When you iterate a series, eg $\sin \theta -\theta =1$ you can use several different rearrangements to iterate. Some, however, come to a solution far faster than others; notably in this case $\theta =\sin \theta +1$ takes about 64 goes while a more complicated series takes nearer 4 (it involved squaring but my teacher took it in...)
I can see from drawing graphs that the closer a graph's gradient is to y=x the slower the iteration. However, this is not proportional but seems to go a little like a tan graph - suddenly zooming to infinity close to 1.
( Why, please? And what exactly is the relationship?)


An iteration of a curve f(x) must also depend on f''(x) but the relationship is not obvious. I realise it depends where you start but I'm hoping there is something else. The two curves I mentioned earlier didn't have hugely different gradients ( though quite diff like 0.7ish,0.2ish) & I started at the same point for both iterations.

Does anyone know anything to help or the answer?

Dear Alexandra,

Well, I can help with the first part of your question.
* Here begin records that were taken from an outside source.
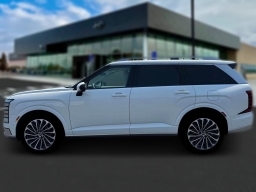 Hyundai Palisade Calligraphy AWD 2026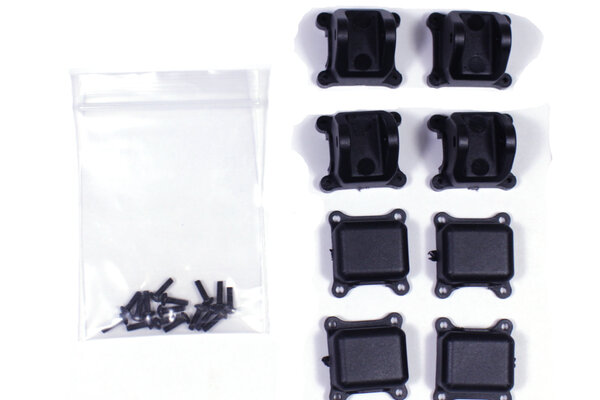 Cross RC Rear Suspension Torsion Bar Accessories: BC8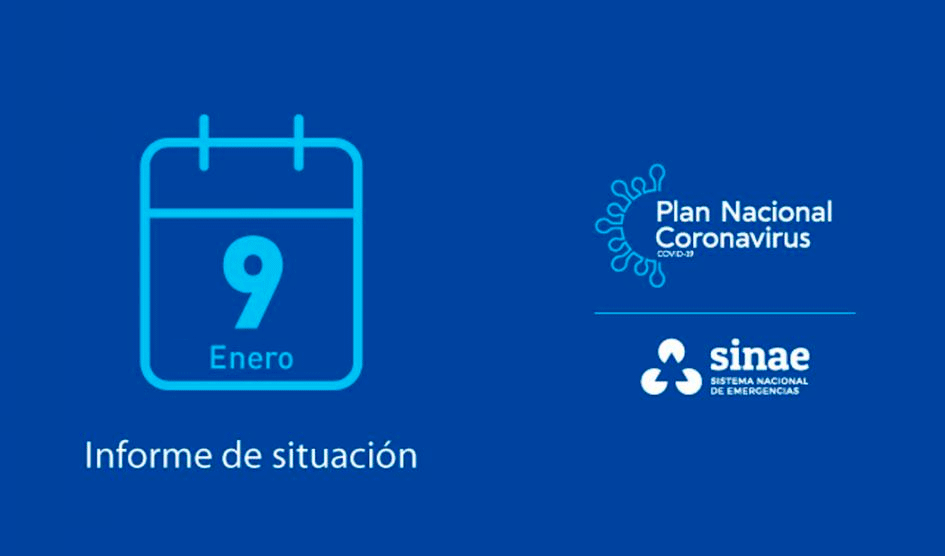 Informe del Sinae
I presume by ``iteration'' you mean that we are solving the equation x = f(x)
by choosing an initial value x₀ and then calculating x₁ = f(x₀ ), x₂ = f(x₁ ), and so on until we're close enough to the correct value of x.


Well, as you know we can draw a graph with the curves y = x and y= f(x) on it and follow the iteration on this graph. I'm going to assume we're close enough to the correct value of x that we can treat f(x) as a straight line with gradient g. Then if the error in x₀ is dx₀ , the error in x₁ will be g x dx₀ . (The easiest way to visualise this without drawing the graph is to imagine that f(x) = g x x, and then it's obvious that the error in x will be multiplied by g (which is less than 1) at each iteration.)


Now, what do we mean by the slowness of an iteration? One possible definition is the number of iterations required to reduce the error by a factor of N. We can calculate this number of iterations (call it n_i ) - it is the solution to the equation

gⁿ i = 1/N

So n_i = (log N) / (-log g).


This isn't quite a tan curve (it's 1/log g) but it does go to infinity at g = 1, as you mentioned.



> An iteration of a curve f(x) must also depend on f''(x) but the
> relationship is not obvious. I realise it depends where you
> start but I'm hoping there is something else. The two curves I
> mentioned earlier didn't have hugely different gradients (though
> quite diff like 0.7ish,0.2ish) & I started at the same point for
> both iterations.


log 0.7 = -0.36

log 0.2 = -1.61.



This is a ratio of 4.5, so I don't know how you got a ratio of 16 between the numbers of iterations you required for your two different methods. I suppose it is affected by f''(x), but I don't know exactly how. Iterations are fastest when f'(x) = 0 at the solution point (for example to calculate the square root of y by iteration, you use x = 1/2 * (x + y/x)), but that doesn't seem to apply in your case.

Eva.

Dear Eva,
Thank you very much for answering my question. When I used the exact values the log ratio thing worked.

Alexandra

PS - I just saw a really stupid error in my original question; please excuse!